## Task prompt
Leave out the pictures and retype exactly the lines from the one with "Room 'No. 6'" through the end of the records.

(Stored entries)
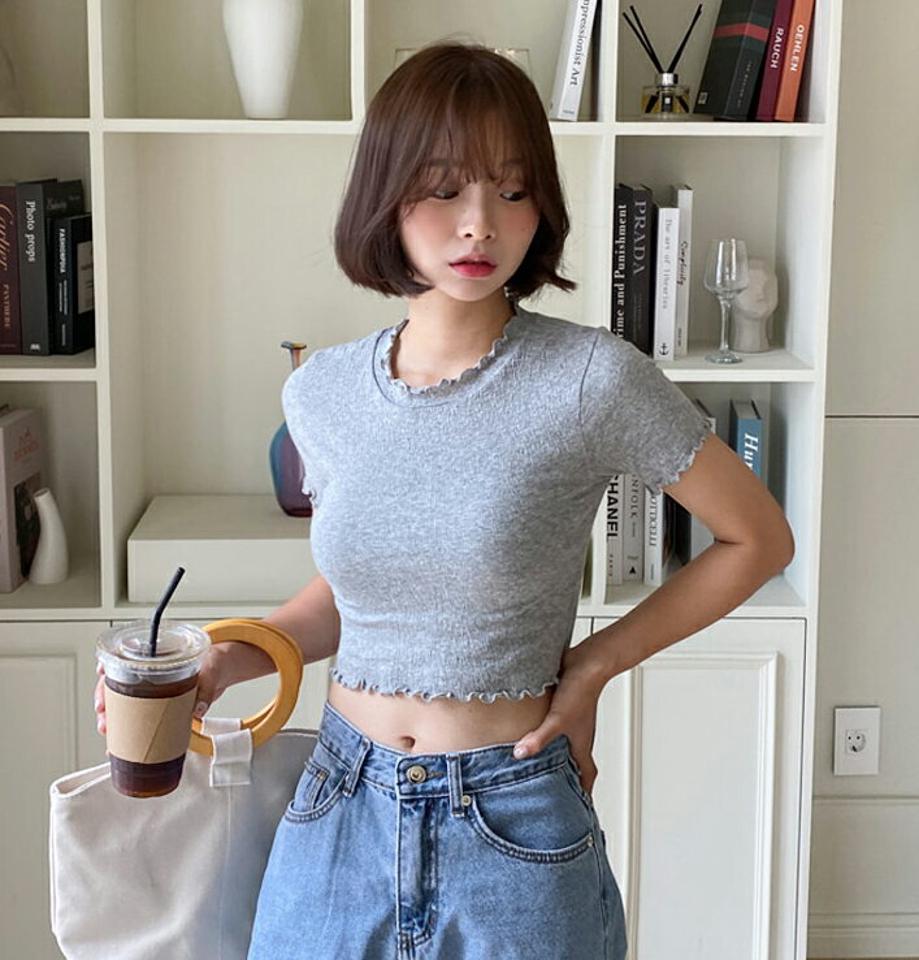 メロウクロップドTシャツ・全4色・t64375 レディース 【tops】韓国 ファッション トップス Tシャツ 半袖 デイリー カジュアル クロップド ラウンドネック メロウ スリム フィット リブ 体型カーバー 細身 着痩せ 夏 春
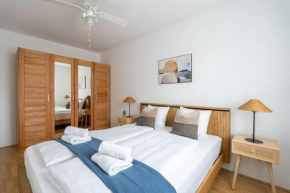 HM • Quiet 1BR Oasis, Fast City Path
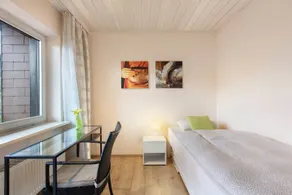 Room 'No. 6' with Shared Terrace, Shared Garden and Balcony - Image 5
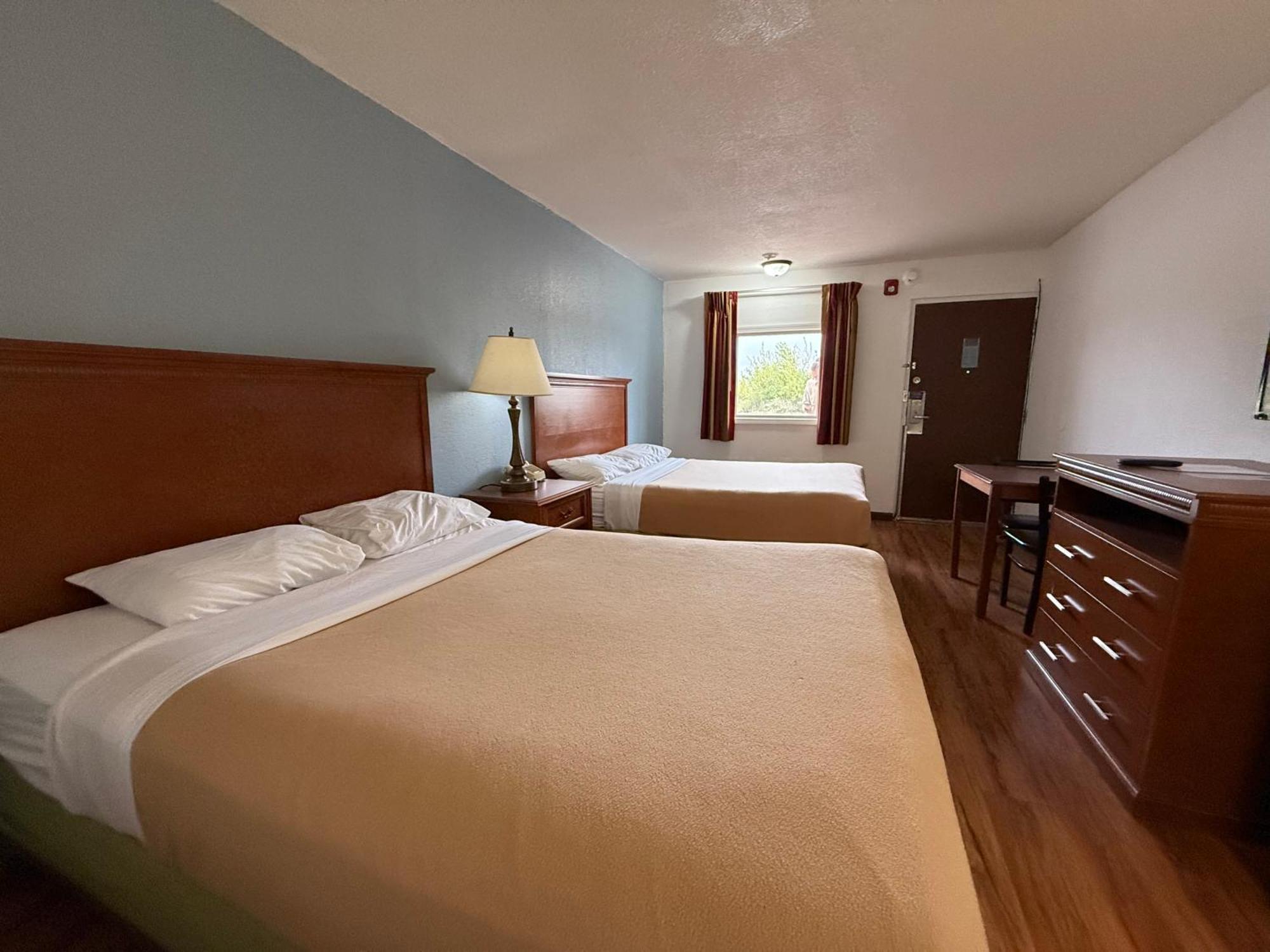 Relax Inn & Suites Mattoon Extérieur photo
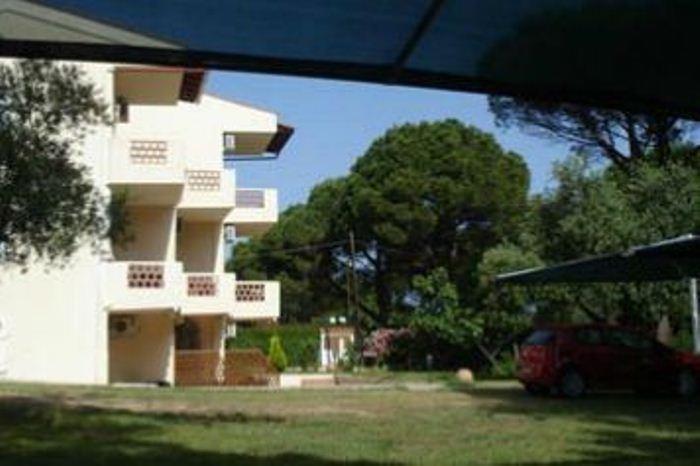 Elena Apartments นิกิติ ภายนอก รูปภาพ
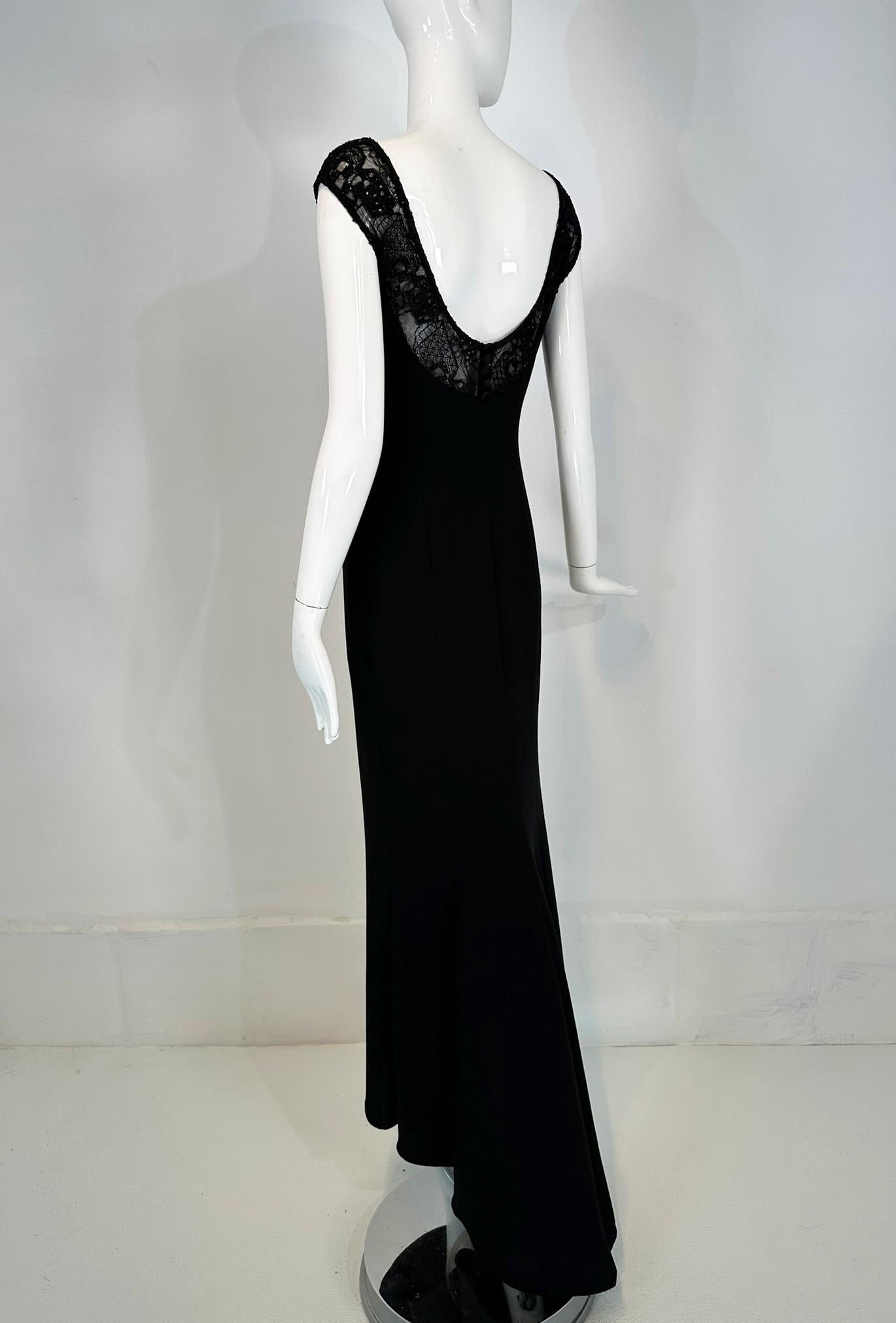 Elie Saab Black Beaded Lace Off the Shoulder Empire Bodice Crepe Gown & Train 42 For Sale 7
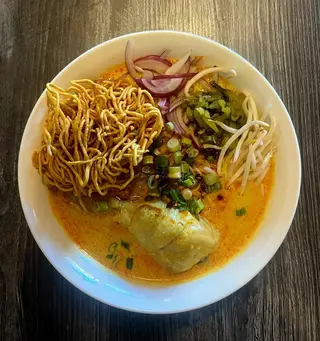 Thai Family Sisters Restaurant, thai restaurant, Upland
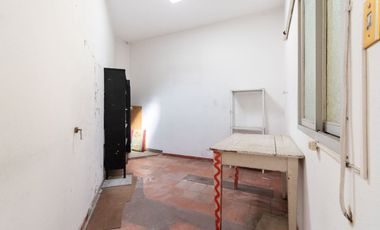 VENTA CASA 3 AMBIENTES MORON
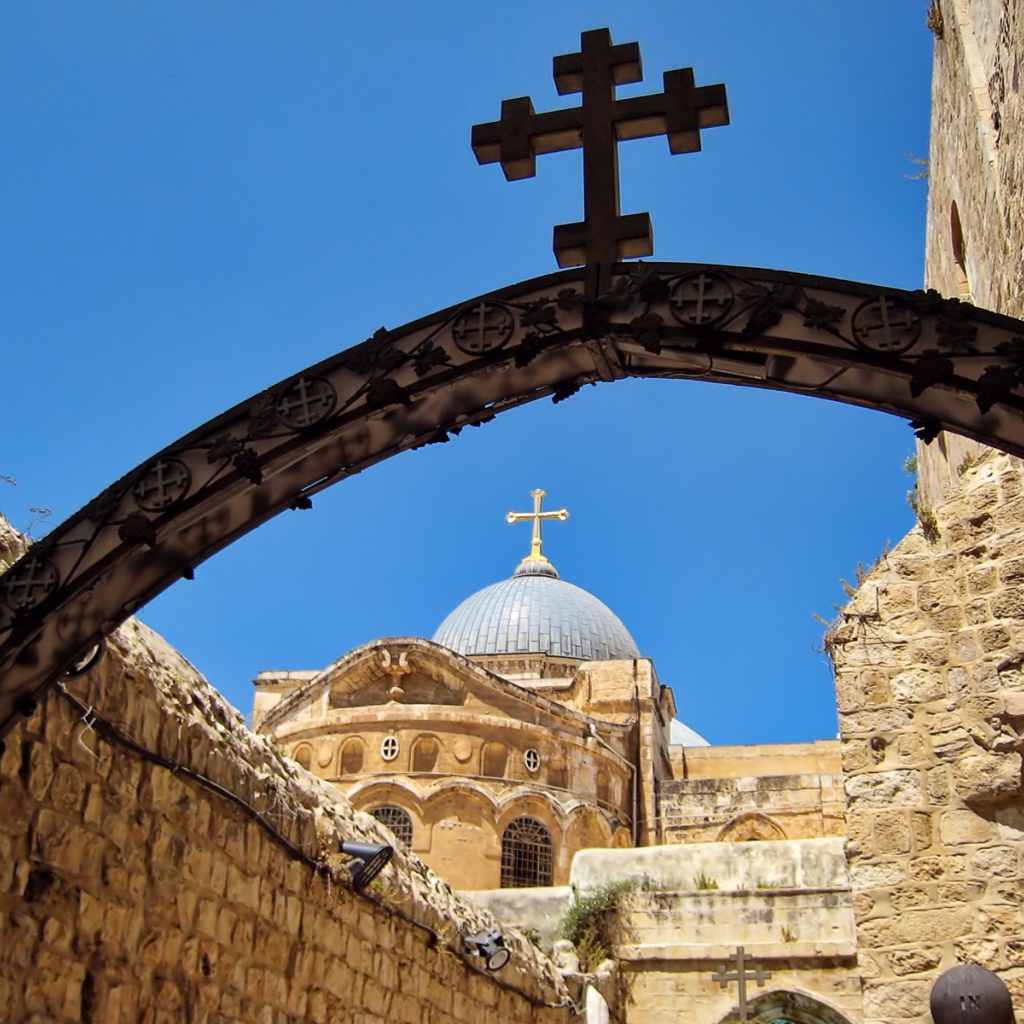 Старинный религиозный храм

## The completed task
 Room 'No. 6' with Shared Terrace, Shared Garden and Balcony - Image 5
 Relax Inn & Suites Mattoon Extérieur photo
 Elena Apartments นิกิติ ภายนอก รูปภาพ
 Elie Saab Black Beaded Lace Off the Shoulder Empire Bodice Crepe Gown & Train 42 For Sale 7
 Thai Family Sisters Restaurant, thai restaurant, Upland
 VENTA CASA 3 AMBIENTES MORON
 Старинный религиозный храм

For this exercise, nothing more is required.